== Action item ==
Once the line containing "CJ_bv7's tweet photo." has been written out, stop; until then, restate each line of the entries below word for word from the first.

== Given records ==
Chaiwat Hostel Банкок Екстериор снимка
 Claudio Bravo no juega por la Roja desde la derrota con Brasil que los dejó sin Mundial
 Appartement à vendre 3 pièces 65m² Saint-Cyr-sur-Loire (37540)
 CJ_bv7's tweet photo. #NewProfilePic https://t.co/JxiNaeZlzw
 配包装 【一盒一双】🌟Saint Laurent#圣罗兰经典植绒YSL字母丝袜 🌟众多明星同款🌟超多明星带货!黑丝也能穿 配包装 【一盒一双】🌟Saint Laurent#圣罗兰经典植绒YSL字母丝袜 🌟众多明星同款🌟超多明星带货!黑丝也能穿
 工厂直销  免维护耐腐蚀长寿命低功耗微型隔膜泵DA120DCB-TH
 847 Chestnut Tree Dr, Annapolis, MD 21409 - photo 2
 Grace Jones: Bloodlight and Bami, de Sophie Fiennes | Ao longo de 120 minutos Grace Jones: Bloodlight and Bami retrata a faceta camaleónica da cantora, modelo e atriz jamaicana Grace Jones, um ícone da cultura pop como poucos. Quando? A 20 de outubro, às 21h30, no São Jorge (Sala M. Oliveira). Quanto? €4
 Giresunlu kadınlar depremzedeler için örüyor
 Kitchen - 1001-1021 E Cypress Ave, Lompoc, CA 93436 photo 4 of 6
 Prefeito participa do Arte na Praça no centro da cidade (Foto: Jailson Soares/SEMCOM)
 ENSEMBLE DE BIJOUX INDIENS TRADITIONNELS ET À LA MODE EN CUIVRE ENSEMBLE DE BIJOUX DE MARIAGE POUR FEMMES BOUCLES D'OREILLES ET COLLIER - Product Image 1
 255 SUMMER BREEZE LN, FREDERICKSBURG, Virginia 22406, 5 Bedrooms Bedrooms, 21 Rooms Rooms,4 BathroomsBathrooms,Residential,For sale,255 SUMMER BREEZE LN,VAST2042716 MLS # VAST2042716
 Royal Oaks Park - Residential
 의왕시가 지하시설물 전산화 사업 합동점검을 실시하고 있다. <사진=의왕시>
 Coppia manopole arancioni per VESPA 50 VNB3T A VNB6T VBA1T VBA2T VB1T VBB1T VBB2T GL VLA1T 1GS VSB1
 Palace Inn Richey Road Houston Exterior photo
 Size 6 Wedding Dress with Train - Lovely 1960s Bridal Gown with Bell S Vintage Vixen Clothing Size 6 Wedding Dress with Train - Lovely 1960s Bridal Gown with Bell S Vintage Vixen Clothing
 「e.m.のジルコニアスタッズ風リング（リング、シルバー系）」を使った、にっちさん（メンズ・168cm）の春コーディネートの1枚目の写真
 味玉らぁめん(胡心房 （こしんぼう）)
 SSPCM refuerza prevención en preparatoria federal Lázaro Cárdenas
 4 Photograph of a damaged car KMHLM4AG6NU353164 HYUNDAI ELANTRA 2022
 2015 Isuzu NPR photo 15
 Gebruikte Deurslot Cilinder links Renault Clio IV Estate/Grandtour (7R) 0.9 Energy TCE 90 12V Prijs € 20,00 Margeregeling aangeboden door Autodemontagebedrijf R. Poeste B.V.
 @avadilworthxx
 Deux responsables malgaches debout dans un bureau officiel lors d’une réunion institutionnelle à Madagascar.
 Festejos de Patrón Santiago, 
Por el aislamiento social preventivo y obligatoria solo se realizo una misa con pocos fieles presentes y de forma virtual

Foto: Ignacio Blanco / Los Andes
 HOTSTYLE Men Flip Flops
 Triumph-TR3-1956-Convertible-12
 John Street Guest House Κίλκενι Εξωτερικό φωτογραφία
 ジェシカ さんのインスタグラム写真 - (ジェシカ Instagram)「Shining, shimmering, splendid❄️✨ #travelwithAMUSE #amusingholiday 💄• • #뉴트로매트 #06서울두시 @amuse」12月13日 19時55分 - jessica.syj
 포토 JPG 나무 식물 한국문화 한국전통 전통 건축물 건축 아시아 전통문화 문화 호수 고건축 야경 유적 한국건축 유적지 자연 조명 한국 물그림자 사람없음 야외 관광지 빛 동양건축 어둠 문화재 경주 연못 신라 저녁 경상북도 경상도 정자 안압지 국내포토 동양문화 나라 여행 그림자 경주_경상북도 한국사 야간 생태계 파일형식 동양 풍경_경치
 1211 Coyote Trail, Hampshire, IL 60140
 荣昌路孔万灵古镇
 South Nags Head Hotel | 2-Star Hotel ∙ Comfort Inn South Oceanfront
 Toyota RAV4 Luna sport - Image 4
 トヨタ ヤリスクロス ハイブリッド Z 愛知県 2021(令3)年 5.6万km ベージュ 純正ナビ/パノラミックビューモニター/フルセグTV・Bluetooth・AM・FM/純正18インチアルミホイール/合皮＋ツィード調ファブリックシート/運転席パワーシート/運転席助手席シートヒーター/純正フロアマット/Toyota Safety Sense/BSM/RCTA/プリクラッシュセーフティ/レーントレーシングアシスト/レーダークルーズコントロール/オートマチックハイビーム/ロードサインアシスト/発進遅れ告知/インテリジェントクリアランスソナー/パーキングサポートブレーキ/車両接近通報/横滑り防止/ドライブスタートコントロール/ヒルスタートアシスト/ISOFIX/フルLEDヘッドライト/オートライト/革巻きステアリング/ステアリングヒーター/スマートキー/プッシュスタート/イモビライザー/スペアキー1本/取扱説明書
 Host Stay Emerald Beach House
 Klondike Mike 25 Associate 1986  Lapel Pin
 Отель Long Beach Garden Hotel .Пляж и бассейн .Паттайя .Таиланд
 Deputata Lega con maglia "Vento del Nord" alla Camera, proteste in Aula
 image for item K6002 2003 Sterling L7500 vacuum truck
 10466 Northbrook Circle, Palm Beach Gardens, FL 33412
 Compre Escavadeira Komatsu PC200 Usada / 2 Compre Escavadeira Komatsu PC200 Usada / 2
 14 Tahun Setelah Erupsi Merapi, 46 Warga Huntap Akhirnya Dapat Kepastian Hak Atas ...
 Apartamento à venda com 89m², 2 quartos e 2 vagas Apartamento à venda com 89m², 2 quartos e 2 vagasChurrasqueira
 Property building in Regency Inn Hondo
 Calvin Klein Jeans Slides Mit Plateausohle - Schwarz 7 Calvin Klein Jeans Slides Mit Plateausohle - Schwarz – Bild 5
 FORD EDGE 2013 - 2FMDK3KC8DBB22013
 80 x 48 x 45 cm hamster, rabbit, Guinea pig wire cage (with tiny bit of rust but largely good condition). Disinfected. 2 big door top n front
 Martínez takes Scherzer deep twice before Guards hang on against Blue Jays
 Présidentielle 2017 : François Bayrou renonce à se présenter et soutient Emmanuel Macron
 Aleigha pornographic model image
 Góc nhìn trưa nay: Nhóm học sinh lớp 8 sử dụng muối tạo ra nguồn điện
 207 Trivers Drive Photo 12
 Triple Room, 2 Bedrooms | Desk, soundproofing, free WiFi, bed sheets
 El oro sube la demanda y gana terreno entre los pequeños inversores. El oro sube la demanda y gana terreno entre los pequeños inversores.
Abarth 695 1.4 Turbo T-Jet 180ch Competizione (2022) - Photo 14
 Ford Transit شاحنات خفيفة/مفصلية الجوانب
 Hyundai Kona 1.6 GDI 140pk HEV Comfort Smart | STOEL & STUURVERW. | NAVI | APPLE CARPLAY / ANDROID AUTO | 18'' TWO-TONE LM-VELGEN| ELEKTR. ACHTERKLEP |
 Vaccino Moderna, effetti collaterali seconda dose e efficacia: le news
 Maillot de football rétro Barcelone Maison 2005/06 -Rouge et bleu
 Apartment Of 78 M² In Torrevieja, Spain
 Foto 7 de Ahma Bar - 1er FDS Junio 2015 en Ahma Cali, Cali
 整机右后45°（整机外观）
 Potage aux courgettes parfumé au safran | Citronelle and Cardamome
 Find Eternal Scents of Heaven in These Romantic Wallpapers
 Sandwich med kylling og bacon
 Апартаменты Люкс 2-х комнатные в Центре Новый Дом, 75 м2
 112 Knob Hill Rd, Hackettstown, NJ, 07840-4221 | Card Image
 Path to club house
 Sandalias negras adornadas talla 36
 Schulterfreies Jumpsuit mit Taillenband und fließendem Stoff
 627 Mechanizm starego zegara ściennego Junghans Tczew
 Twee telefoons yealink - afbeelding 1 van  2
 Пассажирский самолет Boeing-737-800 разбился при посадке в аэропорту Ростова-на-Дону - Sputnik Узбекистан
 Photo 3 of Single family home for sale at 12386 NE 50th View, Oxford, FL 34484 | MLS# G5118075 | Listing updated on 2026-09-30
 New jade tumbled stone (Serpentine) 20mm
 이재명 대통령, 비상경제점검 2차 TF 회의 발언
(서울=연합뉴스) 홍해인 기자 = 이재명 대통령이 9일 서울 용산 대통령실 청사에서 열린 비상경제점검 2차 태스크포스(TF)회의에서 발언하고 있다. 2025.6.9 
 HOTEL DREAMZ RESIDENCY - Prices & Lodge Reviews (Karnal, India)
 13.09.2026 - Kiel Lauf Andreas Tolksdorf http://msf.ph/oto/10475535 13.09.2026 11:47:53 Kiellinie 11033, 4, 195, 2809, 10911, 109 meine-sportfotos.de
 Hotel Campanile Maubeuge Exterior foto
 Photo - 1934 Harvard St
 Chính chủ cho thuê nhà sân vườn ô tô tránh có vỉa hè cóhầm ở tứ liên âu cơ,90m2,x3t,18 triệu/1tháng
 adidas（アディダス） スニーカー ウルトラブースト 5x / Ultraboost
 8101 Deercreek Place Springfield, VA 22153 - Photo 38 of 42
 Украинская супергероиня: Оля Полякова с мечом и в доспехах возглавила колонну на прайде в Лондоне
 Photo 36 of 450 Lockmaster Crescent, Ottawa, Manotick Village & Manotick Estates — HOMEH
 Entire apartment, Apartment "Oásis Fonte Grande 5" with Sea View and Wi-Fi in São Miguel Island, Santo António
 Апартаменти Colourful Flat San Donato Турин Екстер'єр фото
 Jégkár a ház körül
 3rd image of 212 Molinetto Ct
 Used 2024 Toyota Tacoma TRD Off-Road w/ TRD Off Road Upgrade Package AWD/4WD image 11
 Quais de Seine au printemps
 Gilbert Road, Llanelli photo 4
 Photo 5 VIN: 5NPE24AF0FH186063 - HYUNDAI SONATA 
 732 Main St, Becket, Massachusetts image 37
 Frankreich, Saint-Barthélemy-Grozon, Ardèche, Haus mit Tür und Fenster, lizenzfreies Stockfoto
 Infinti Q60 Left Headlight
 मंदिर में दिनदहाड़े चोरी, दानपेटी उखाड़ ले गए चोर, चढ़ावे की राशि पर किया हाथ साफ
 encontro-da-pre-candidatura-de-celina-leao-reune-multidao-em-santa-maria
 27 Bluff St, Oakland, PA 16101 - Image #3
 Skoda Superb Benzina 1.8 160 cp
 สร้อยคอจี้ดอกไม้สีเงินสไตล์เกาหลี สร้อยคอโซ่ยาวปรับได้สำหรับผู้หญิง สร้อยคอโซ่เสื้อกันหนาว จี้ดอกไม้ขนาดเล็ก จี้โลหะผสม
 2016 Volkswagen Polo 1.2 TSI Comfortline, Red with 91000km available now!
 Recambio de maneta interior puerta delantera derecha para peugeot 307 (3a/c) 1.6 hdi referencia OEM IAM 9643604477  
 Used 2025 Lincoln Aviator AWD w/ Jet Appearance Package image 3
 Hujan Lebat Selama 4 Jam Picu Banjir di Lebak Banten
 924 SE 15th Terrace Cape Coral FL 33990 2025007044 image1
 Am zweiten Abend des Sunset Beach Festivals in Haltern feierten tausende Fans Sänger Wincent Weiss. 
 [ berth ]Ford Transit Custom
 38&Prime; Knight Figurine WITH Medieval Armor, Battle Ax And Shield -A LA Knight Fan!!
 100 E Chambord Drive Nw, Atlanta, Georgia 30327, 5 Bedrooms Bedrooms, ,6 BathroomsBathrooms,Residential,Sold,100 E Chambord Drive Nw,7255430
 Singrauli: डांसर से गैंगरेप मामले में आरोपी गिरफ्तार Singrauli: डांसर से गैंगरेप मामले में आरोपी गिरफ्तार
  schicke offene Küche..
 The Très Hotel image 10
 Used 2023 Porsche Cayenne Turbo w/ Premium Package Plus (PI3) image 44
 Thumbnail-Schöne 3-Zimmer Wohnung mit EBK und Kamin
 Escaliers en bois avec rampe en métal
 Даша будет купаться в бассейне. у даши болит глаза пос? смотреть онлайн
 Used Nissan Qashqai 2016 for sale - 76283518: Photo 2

== Exercise output ==
Chaiwat Hostel Банкок Екстериор снимка
 Claudio Bravo no juega por la Roja desde la derrota con Brasil que los dejó sin Mundial
 Appartement à vendre 3 pièces 65m² Saint-Cyr-sur-Loire (37540)
 CJ_bv7's tweet photo. #NewProfilePic https://t.co/JxiNaeZlzw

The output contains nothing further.